- **Data section**

*** Begin section ***

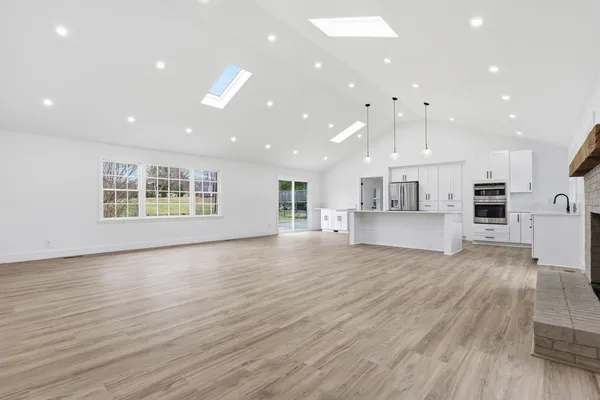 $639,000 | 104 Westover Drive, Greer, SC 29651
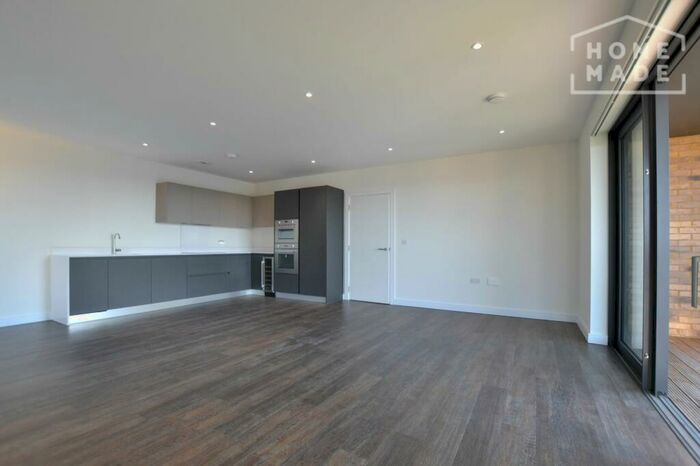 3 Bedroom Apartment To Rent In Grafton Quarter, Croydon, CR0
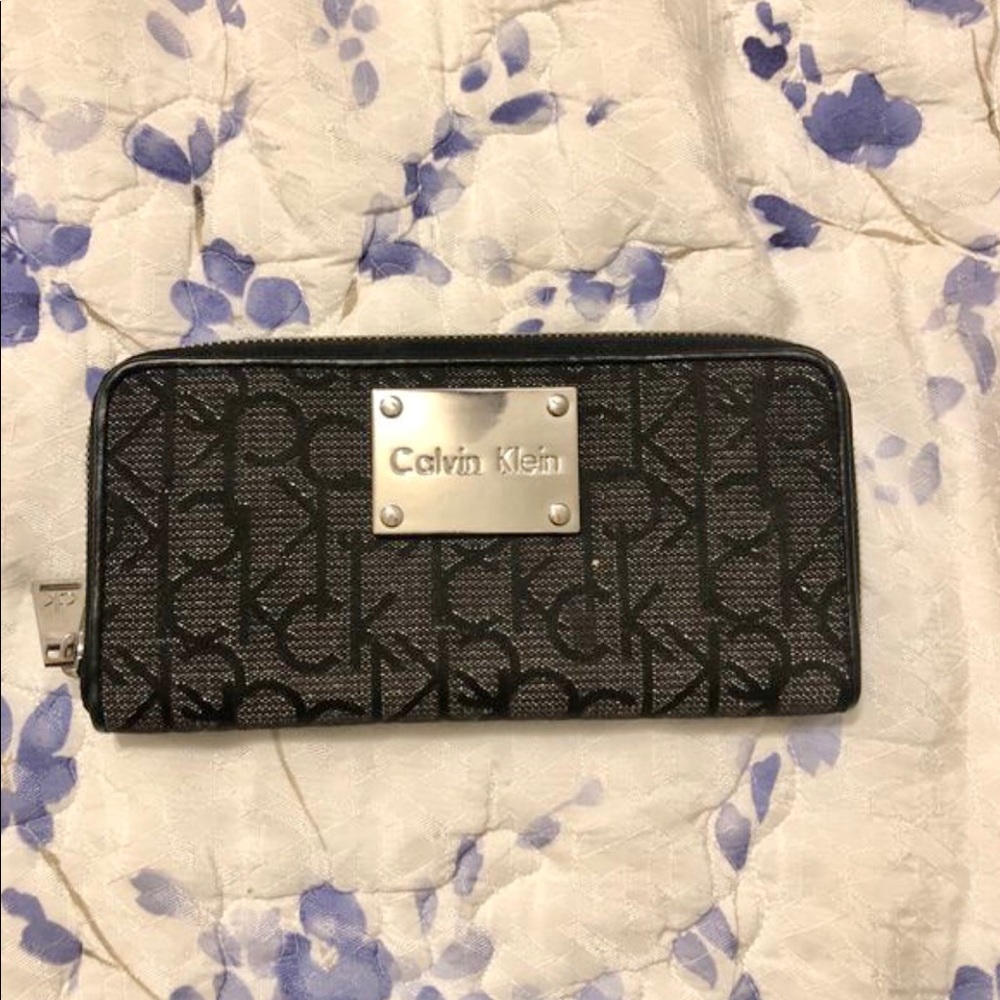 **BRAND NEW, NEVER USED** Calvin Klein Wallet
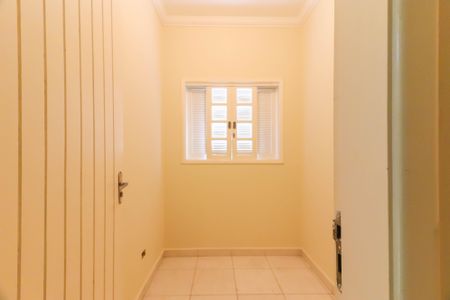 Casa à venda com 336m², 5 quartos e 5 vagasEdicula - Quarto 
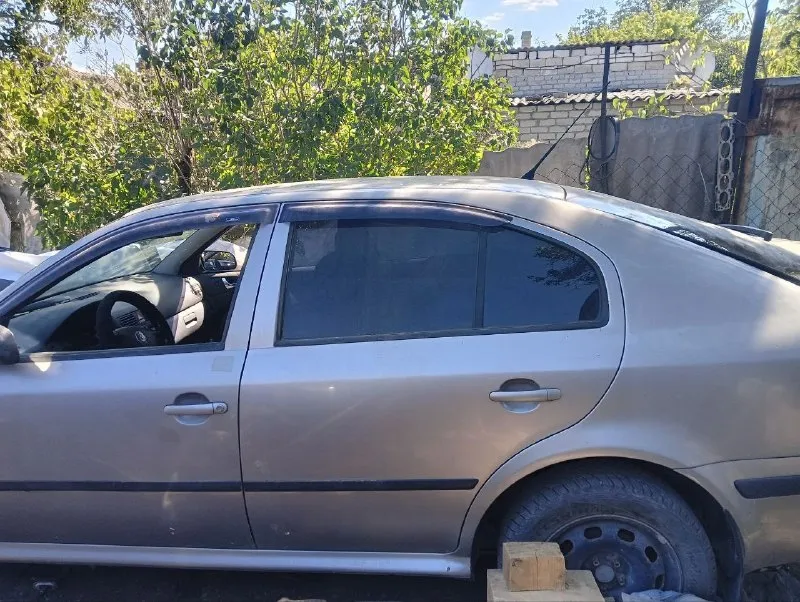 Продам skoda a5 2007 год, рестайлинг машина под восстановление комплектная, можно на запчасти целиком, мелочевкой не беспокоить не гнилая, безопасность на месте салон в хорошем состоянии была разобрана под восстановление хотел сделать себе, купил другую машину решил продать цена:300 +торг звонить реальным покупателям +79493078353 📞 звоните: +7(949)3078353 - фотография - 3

*** End section ***

- **Problem statement**
Pictures aside, print exactly the lines above starting with the one containing "Calvin Klein Wallet" and going on through the one containing "Casa à venda".

- **Finished task**
 **BRAND NEW, NEVER USED** Calvin Klein Wallet
 Casa à venda com 336m², 5 quartos e 5 vagasEdicula - Quarto 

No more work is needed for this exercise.